# Chuck Radial Runout Standards



## mksj (Aug 18, 2016)

Had a recent email flyer from Shar's that outlined the chuck radial run out and the different standards. I thought it would interesting to post, as there is often the discussion about expected TIR of different chucks. The TIR is dependent on the manufacturer guaranteed specs (QC), size/type of chuck and if it uses some form of Set-Tru type system. One also needs to factor in the back plate and if it is trued up on the machine. Given that Enco is gone, and a few of the other vendors that sold chucks, the options seem to be more limited these days. I have had my share of generic Chinese chucks, most either where returned or sit on a shelf because of TIR or clamping alignment issues. They probably could be fixed with some TLC, but I do not have the inclination to deal with them.

Anyway, the new Shar's chucks seem to offer decent quality and some pretty tight tolerances at decent prices, the Gator/Feruda can be hit or miss but seem to work well, and I have read a few older posts where there have been an  issue with the Bison chucks. I do a lot of repeat turning and currently run the Bison Set-Tru 5C, their 8" combination 4J and have been very happy with both of them, also have a Pratt Burnerd SetRite 6" chuck. The  PB is also great chuck, The adjustable chucks hold a repeat TIR of better than 0.0004", the combo chuck can be zeroed in less than a minute with repeat parts. The new Shar's FS and CS might be worth considering at a lower price break, they also have their Zero-Set adjustable chucks. I also have a 4J Taiwanese  independent from Quality Machine Tools, which has excellent specs/finish.


----------



## wrmiller (Aug 18, 2016)

My PB works so well I have been afraid to remove it from the spindle.  

Recently I've been doing some pistol barrel work and fixtures for said. While my chuck will repeat almost perfectly on a re-chuck of the same diameter, it is off a bit, maybe 1-2 thou (it looks like a lot on a .0005 dial)  if I'm going from say a .5" part to a 2" part, but it only take a min or so to adjust it out. I have the same 4j chuck from Matt and it looks really well made. I've just been able to do everything I need in the set-tru so far.


----------



## wrat (Aug 18, 2016)

wrmiller said:


> My PB works so well I have been afraid to remove it from the spindle.

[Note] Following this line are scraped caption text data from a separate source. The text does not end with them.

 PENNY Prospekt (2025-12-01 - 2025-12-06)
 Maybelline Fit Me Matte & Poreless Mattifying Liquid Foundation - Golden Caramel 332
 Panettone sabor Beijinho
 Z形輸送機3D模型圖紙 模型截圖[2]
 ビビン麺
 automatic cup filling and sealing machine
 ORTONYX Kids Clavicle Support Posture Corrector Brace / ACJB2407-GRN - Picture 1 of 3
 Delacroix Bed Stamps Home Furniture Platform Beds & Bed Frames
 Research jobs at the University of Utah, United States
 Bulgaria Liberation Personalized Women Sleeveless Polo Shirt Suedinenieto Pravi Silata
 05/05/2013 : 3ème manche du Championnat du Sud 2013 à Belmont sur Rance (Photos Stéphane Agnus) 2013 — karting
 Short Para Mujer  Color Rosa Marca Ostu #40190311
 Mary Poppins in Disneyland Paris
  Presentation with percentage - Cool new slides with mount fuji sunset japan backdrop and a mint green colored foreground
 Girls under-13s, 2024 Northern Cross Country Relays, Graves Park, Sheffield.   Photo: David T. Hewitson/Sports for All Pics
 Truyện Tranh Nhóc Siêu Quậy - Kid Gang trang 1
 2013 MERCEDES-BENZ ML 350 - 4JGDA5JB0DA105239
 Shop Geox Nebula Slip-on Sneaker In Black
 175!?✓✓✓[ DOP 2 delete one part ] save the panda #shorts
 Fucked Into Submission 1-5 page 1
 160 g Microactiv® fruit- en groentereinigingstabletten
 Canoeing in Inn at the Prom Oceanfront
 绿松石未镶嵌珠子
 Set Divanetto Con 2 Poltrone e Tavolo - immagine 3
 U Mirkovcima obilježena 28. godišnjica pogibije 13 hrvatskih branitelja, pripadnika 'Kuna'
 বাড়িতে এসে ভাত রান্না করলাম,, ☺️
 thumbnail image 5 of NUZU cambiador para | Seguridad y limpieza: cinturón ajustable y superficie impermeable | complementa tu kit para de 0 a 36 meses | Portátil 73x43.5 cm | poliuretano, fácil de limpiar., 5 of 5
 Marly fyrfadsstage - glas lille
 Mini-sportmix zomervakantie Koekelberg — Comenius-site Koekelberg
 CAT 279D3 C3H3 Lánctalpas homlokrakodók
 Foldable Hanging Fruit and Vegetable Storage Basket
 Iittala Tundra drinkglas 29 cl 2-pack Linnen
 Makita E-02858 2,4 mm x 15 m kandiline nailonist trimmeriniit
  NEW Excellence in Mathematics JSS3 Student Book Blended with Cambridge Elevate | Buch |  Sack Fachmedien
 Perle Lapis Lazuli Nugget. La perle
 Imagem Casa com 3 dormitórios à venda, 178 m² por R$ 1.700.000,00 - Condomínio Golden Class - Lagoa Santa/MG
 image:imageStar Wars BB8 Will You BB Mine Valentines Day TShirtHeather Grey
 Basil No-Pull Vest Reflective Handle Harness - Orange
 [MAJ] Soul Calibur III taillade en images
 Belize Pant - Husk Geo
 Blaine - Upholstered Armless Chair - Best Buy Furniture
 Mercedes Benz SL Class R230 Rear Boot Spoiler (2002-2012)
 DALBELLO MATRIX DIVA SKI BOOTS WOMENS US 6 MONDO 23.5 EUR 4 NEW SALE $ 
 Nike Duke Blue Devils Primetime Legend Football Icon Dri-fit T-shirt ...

There's a lot to be said for that!
Because not even the spindle is perfectly concentric and hanging the right chuck in the right way can, on rare occasion, cancel resulting errors.
If you PLANNED it that way, a guy wouldn't have a chance.  But if it just happened to work out that way, I'd be keen to leave well enough alone.
And don't go to Vegas, because you done used up all your luck 

Wrat


----------